31. People're a nestful of needs. Dull needs, sharp needs, bottomless-pit needs, flash-in-the-pan needs, needs for things you can't hold, needs for things you can. Adverts know this. Shops know this.
32. Gary Drake, Neal Brose and Wilcox's lot were busy with a bumflick battle so I changed quickly and hurried out into the cold morning. – The only meaning of bumflick I was able to find is bum-wiggling, but Drake&Co., bully boys thinking themselves very macho men, obviously would not be involved in that, so this means some different pastime altogether.
33. Beef gristle tastes like deep-seam phlegm.
34. ‘I'll deal with this,’ he announced, and folded his paper with a jarky snap. (jerky + jarred?)
35. At the foot of the scree below my overhang about seven or eight figures sat round a dirty fire.
36. [they] will rut anythin', married or no, livin' or no,' Clem Ostler went on. `Dogs on heat. Anywhere, any time, in cars, down alleys, in skips, anywhere. – it is clear from the context that this is a Gypsy word but I would like to know what it means
37. Books never taught a man to mong or ducker. - Gypsy words again
38. My family'd follow Mercy Watts's old man gaff-catchin' round the Vale of Evesham, down the Severn Valley, tradin' horses with other Romanies an' farmers an' breeders an' that.- Gypsy words again
39. By an' by he became the Goose Fair's chief Toberman, so he did all right. .- probably a Gypsy word again
40. Mr Broadwas and two pissed wurzels with black teeth and a grinning disease were perched on three stone mushrooms. – would that be some sort of pun on ‘sleeping disease’?
41. ‘Thanks, Dad.

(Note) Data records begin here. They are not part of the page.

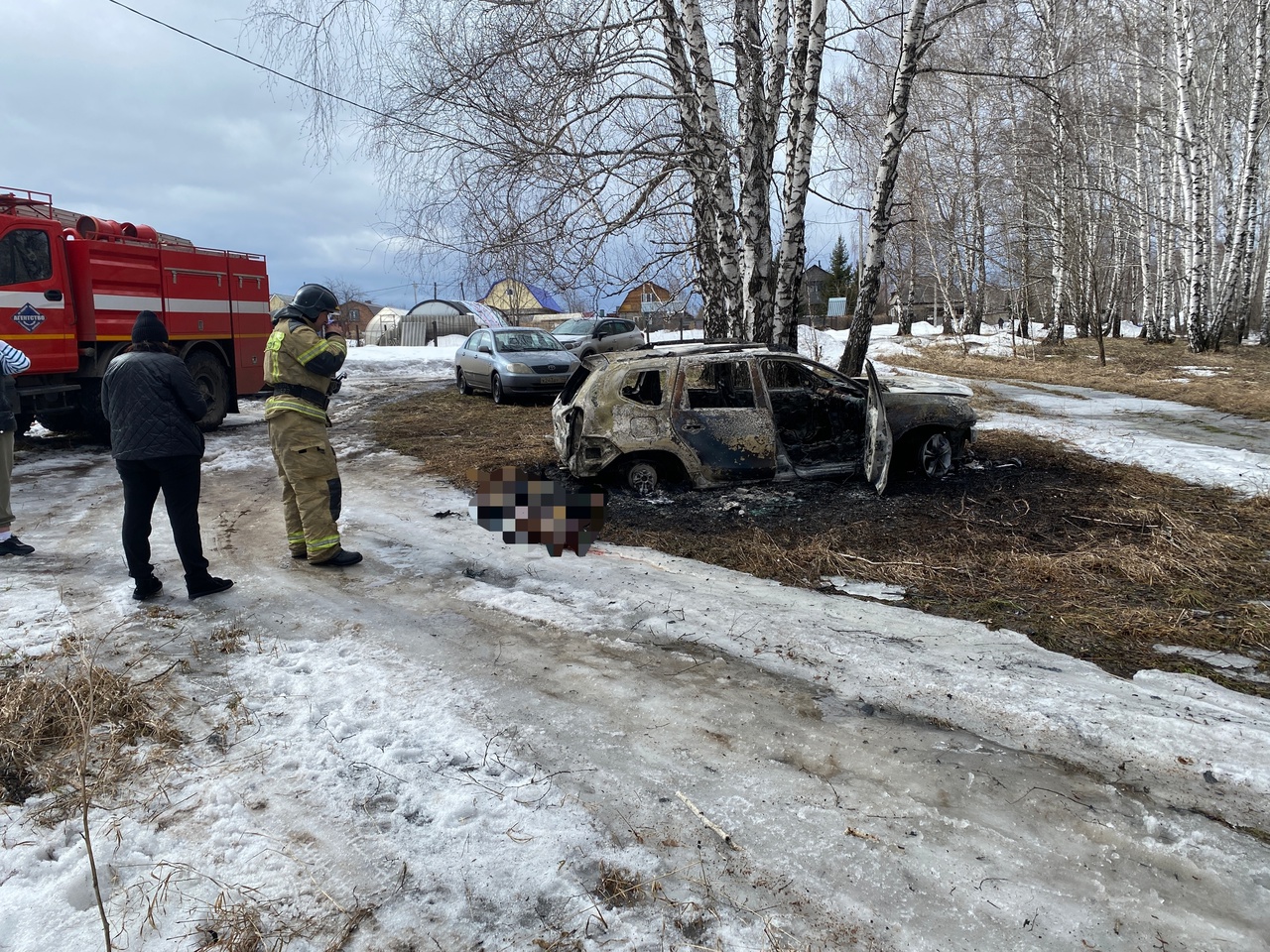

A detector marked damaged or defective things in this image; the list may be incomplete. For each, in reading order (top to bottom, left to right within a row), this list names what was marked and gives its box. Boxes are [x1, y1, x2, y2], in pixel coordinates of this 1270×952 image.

burnt wheel [627, 461, 660, 500]
burned car [551, 347, 975, 500]
charred car body [551, 347, 975, 500]
burnt car wreck [551, 347, 975, 500]
burnt wheel [919, 431, 954, 477]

Would you like to…uh…?’
‘I'd love
to, but I have paperwork coming out of my paperwork. Plans to plan. Hotties to put in beds. No rest for the wicked.
’ – This is a father talking to his son, so I find the “hotties to put in bed” in its obvious meaning very unlikely. However, the said father was fired from his job this morning and may be drunk, so on the other hand he might have said anything, even though unfit for his son's ears.
42. Six hundred pounds: 6,000 Mars Bars, 110 LPs, 1,200 paperbacks, 5 Raleigh Grifters, 1/4 of a Mini, 3 Atari Home Entertainment consoles. Everything else is clear, but what is a Mini? Is it a car?